Dr. Annmarie Adams is jointly appointed in the School of Architecture and the Faculty of Medicine at McGill University. She holds the Stevenson Chair in the History and Philosophy of Science, including Medicine, and is currently Chair of the Department of Social Studies of Medicine in McGill’s Faculty of Medicine.
Adams has written, co-written, and co-edited five books, including Architecture in the Family Way: Doctors, Houses, and Women, 1870-1900 (McGill-Queens University Press, 1996); Medicine by Design: The Architect and the Modern Hospital, 1893-1943 (University of Minnesota Press, 2008); Designing Women: Gender and the Architectural Profession (University of Toronto Press, 2000), with sociologist Peta Tancred; and two volumes of Perspectives in Vernacular Architecture.
Focusing on the cultural landscapes of houses and hospitals, she is particularly interested in the intersections of architecture and medicine.
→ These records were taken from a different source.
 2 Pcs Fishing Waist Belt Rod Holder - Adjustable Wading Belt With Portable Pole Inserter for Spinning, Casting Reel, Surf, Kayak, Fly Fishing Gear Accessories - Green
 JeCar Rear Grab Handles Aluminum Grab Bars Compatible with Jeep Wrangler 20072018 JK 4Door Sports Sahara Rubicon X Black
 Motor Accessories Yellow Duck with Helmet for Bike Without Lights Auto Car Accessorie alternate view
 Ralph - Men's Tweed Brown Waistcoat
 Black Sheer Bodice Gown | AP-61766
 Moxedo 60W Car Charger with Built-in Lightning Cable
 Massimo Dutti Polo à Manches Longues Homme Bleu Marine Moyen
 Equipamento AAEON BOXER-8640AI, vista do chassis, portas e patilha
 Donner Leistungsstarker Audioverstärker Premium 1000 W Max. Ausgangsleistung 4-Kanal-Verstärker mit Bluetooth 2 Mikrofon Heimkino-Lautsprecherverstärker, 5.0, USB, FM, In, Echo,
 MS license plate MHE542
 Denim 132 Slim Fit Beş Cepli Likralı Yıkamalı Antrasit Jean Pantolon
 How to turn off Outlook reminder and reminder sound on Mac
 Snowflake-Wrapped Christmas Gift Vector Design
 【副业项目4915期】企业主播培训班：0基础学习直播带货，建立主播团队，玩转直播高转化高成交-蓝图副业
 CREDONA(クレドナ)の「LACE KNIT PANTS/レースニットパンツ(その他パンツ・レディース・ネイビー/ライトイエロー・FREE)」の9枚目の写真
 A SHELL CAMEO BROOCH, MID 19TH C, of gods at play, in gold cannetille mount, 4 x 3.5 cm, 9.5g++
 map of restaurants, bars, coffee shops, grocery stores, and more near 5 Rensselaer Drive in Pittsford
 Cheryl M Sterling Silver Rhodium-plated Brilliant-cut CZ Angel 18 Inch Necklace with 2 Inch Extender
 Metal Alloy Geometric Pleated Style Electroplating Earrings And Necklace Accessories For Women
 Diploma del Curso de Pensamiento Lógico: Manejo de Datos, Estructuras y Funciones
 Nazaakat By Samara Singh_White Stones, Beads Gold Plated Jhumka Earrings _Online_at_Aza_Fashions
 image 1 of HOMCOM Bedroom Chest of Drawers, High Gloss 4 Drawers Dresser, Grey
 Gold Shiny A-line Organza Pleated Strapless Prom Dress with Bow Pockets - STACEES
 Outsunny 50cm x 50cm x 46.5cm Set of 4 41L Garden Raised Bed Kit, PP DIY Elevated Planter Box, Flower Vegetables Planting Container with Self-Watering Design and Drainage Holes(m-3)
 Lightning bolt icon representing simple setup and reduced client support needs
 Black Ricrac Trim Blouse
She is currently working on a spatial biography of physician Maude Abbott, a study of Wilder Penfield’s architectural aspirations, and an overview of architecture designed for medical education.
Her research has garnered numerous awards, including the Christophe Pierre Award for Research Excellence, the Jason Hannah Medal from the Royal Society of Canada, a CIHR Health Career Award, and a YWCA Woman of Distinction prize. She has held research funds from CIHR, the Hannah Institute for the History of Medicine, SSHRC, Heritage Canada, and the Australian Research Council. She is a board member of the Vernacular Architecture Forum and Winterthur Portfolio. At McGill University she is involved in a project to revive the university’s medical museum and is a devotee (and member of the Board of Curators) of the Osler Library. In 2015, she was elected a Fellow of the Royal Architectural Institute of Canada.